> [Provided information]:
------------------------------------------------
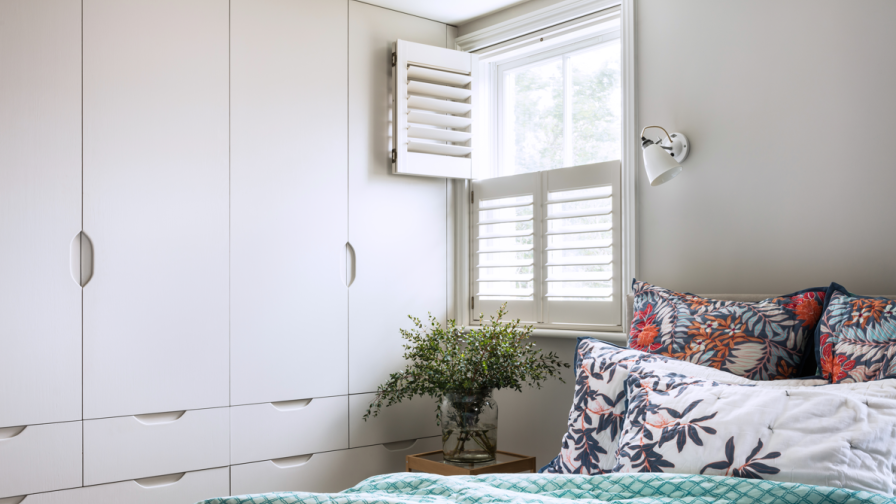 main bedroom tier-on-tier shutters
------------------------------------------------
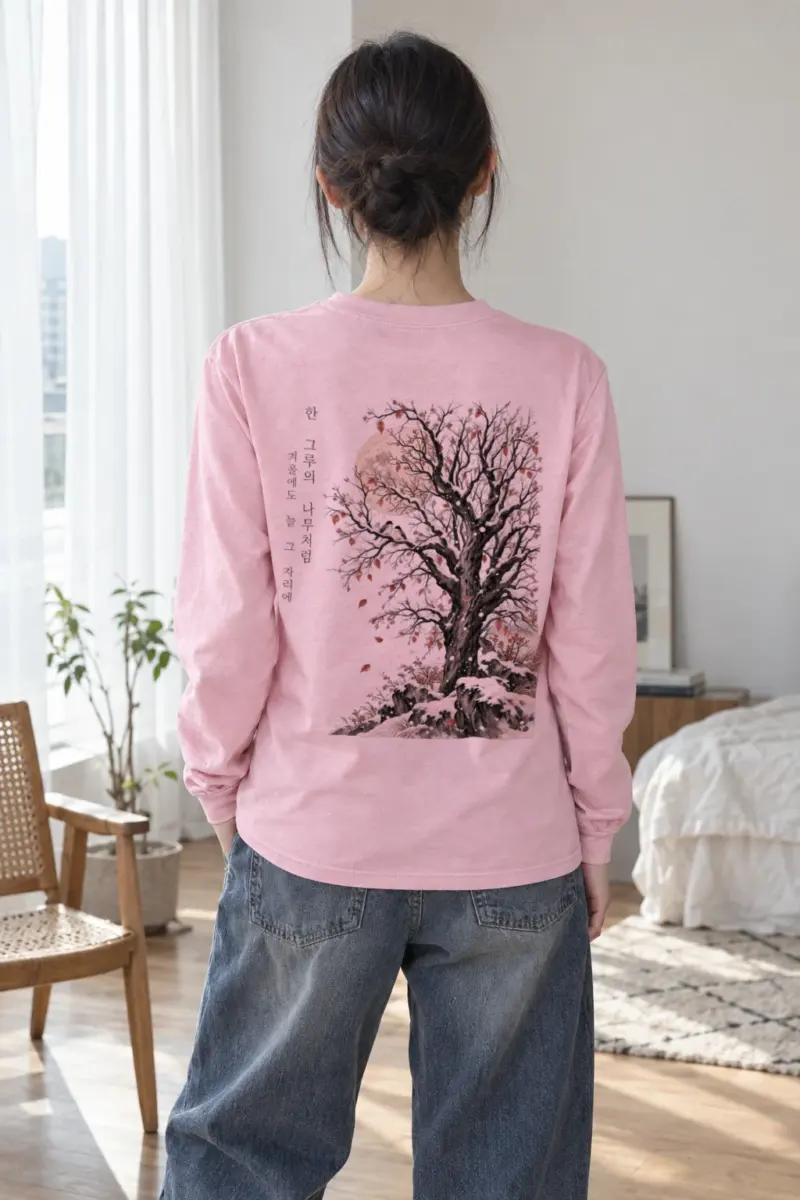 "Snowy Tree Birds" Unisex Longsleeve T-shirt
------------------------------------------------
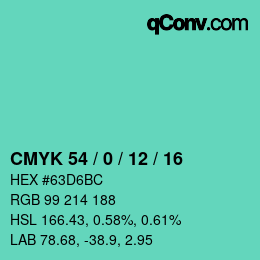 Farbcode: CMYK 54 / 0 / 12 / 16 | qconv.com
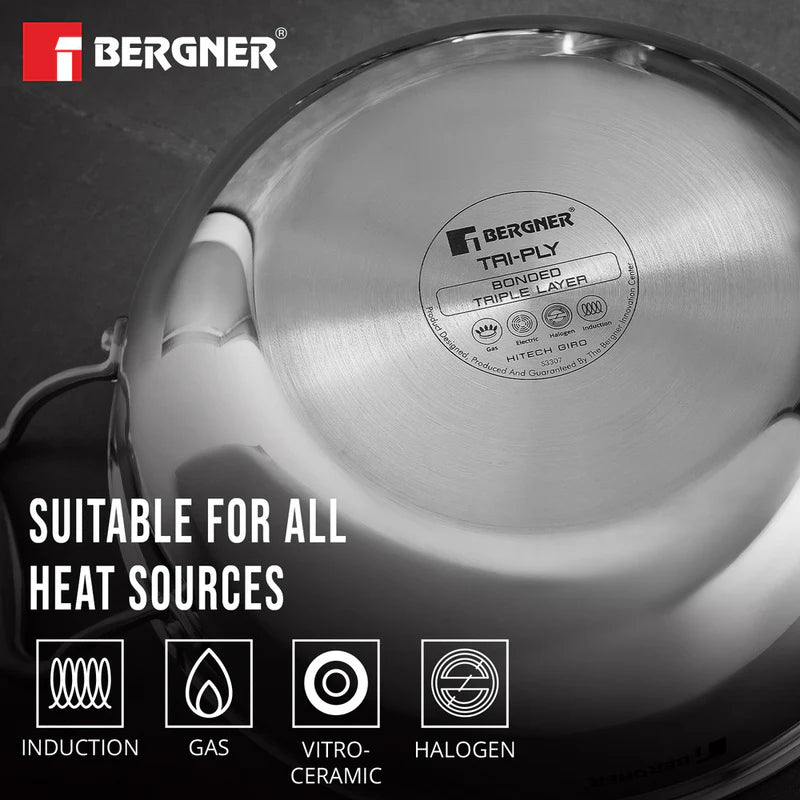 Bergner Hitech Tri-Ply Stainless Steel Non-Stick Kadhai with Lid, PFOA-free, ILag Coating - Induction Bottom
------------------------------------------------
> [Exercise description]: Excerpt from the records above: set down only the lines from the one that contains "Farbcode: CMYK 54 / 0 / 12 / 16 | qconv.com" through the one that contains "Bergner Hitech Tri-Ply", inclusive, word for word. Pictures stay out.

> [Answer]:
 Farbcode: CMYK 54 / 0 / 12 / 16 | qconv.com
 Bergner Hitech Tri-Ply Stainless Steel Non-Stick Kadhai with Lid, PFOA-free, ILag Coating - Induction Bottom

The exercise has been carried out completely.